Wood has written an article in The Guardian (With little to indicate that she is the author of the Demos report) explaining that Demos does not advocate using the cards to restrict spending, but as a tool for local authorities to allow better auditing and reduce paperwork. She writes:

“Brent council in north London estimates it was receiving 25,000 pieces of paper a year from care users. It expects a 10% reduction in its personal budget costs by using prepay cards.”

Ally Fogg has written a piece for Comment is Free about the potential savings for councils and the drawbacks – The dubious benefits of welfare payment cards. It seems that councils agree that there are savings to be made. According to Wood,

“About 25% of local authorities are using prepay cards and another 30% plan on doing so this year, mainly to distribute direct payments in social care.”

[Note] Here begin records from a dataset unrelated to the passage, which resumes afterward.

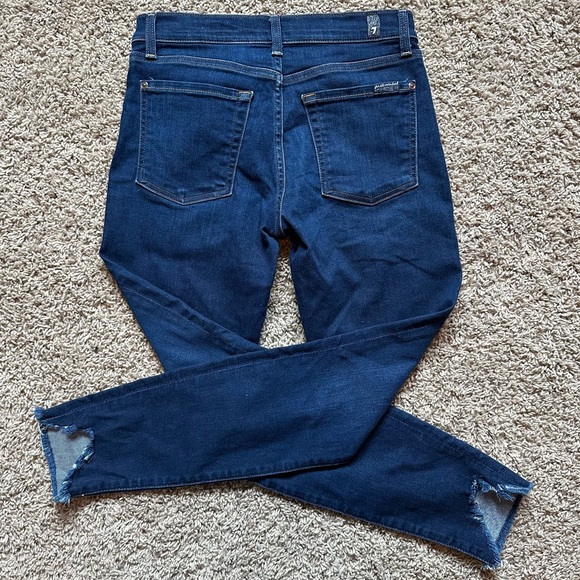 7 For All Mankind the ankle skinny jeans - Picture 3 of 7
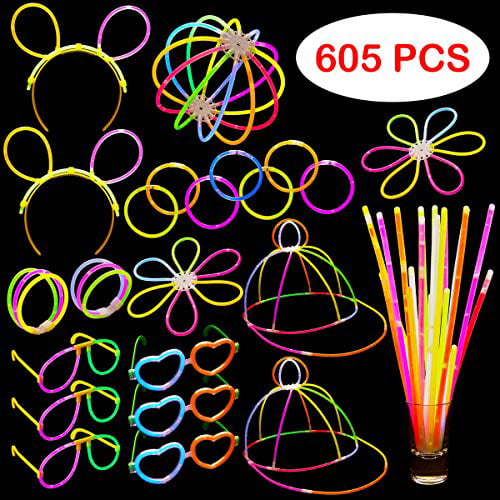 Halloween Party Props Glow Stick Eyeglasses Glow in The Dark Party Favors US 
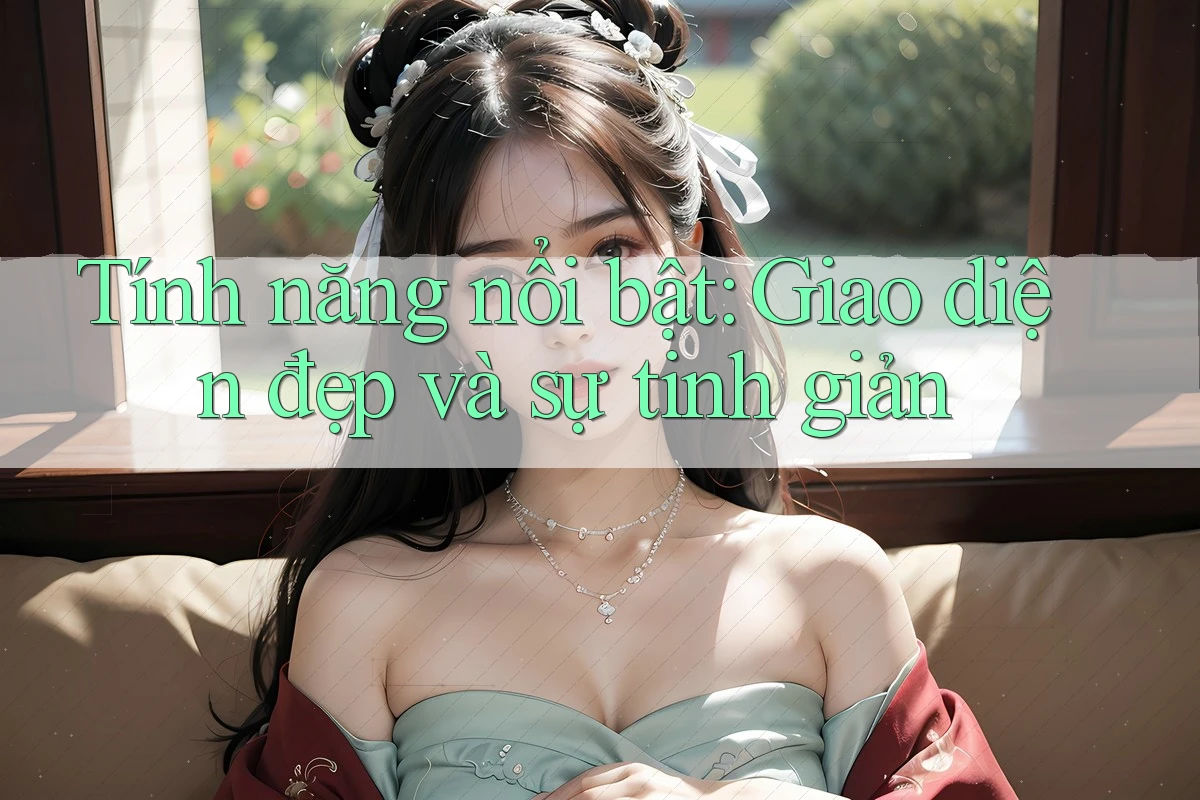 Tính năng nổi bật: Giao diện đẹp và sự tinh giản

However while I can see a point here – that councils must audit spending of social care funding and direct payments, that doing so it expensive, that checking transactions from a prepaid card account is easier – I am not happy with the privacy implications. In order to audit the use of social care funding, councils will have to monitor the use of the card. At the moment recipients of Direct Payments have to send in paperwork every so often. One person told me theirs is checked annually. Monitoring of a payment card account, on the other hand, would be continuous or frequent. It may cause stress or fear of mistakes especially if a person chooses to juggle their finances and delay a payment.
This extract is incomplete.